Work instruction
The answer should contain only the lines running from the line with "Top Jamile /" to the end of the material, reproduced verbatim.

- Opening Delimiter -

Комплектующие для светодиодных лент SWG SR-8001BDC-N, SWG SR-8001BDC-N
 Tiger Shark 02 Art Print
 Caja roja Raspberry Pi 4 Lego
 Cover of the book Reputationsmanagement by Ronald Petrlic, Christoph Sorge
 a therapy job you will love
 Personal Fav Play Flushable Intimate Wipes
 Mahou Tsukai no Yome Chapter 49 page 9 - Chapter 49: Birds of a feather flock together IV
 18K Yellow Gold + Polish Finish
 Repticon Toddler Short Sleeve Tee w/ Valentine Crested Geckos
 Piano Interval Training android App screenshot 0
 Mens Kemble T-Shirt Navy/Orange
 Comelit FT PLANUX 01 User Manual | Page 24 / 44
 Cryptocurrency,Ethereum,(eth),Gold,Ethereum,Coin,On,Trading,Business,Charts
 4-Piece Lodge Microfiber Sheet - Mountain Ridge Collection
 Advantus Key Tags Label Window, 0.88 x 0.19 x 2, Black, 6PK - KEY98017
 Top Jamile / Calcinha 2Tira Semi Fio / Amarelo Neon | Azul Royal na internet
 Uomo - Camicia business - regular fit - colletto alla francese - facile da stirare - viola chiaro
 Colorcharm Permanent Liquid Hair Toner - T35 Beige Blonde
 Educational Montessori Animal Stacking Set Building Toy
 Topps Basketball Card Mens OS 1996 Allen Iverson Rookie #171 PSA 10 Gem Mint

- Closing Delimiter -

Output of the exercise
 Top Jamile / Calcinha 2Tira Semi Fio / Amarelo Neon | Azul Royal na internet
 Uomo - Camicia business - regular fit - colletto alla francese - facile da stirare - viola chiaro
 Colorcharm Permanent Liquid Hair Toner - T35 Beige Blonde
 Educational Montessori Animal Stacking Set Building Toy
 Topps Basketball Card Mens OS 1996 Allen Iverson Rookie #171 PSA 10 Gem Mint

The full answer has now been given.